I'm sure she has her own reason, but I don't really feel like going out of the house because I'm such a freaking lazy couch potato (is it couch potato or potato couch)
And though I feel bad for keep saying 'no', I do it anyway.
Yesterday she asked me again to accompany her somewhere and  I didn't answer,
I just basically gave out a 'hmm~' which I thought she might have mistakenly took it as a 'yes'.

I went inside my room and after a while I went out and saw my mom were all dressed-up and ready; just waiting for me.

It felt like a burden, I was supposed to just go and didn't even have to think of anything
But instead I still refused to go.

She was just like 'oh..' and waited about half an hour more (I guess it was in case I changed my mind) before she drove out on her own.
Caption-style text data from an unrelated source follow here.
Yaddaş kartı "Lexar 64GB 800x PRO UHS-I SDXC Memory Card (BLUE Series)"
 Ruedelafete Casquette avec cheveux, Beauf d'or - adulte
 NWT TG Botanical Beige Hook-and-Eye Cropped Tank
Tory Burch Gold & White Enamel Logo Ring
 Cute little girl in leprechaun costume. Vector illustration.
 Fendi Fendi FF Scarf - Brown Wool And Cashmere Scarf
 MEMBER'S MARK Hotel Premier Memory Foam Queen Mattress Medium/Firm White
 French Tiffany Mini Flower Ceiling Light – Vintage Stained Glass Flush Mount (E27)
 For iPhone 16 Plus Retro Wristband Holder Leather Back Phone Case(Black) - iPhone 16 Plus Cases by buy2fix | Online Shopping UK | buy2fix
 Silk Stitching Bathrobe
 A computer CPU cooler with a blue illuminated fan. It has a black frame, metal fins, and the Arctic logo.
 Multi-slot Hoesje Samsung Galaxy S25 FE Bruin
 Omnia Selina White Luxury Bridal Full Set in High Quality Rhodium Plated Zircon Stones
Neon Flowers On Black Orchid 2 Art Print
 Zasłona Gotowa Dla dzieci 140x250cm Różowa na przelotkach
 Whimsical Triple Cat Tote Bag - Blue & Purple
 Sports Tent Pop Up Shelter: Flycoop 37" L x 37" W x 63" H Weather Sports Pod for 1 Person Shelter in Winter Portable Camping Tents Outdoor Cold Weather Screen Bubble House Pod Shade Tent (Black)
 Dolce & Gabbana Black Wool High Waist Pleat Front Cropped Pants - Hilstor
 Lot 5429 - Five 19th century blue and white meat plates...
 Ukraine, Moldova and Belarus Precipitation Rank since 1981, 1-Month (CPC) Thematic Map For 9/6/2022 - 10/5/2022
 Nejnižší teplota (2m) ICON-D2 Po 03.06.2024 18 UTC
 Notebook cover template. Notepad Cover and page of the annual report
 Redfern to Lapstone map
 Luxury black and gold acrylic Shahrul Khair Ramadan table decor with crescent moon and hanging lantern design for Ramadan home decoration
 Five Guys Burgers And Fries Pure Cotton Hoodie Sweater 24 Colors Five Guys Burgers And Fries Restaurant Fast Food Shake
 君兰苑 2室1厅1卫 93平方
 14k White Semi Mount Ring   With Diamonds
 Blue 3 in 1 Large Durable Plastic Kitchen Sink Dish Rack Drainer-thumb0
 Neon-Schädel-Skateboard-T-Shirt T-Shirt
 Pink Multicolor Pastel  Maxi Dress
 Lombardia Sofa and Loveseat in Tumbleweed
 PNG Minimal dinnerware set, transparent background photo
About an hour later she came back.
She gave me my finished baju kurung that she picked up from our tailor

I felt so very sorry for not accompanying her I mean it was like the first time she ever asked me anything that way and what's worse was that it turned out she was actually only going to see the tailor

I mean
What's the big deal
Just follow her, you stupid
If you don't wanna come out of car just sit in there
She just needs someone to talk to along the way
And you're the only daughter

How much of an AH can you get!


This is just a simple story but i feel very disappointed with myself and God knows how hard I am trying not to spill my tears right now.





It's just one of those moments where I feel like I don't deserve my parents.

I'm sorry.







Oct 9, 2013

hasnt it?



It has been long since I last wrote anything,
hasn't it?


It has been officially declared that we broke up because you cheated,
hasn't it?


It has been too obvious that the blame on you and the shame on me,
hasn't it?







Life has moved on,
hasn't it?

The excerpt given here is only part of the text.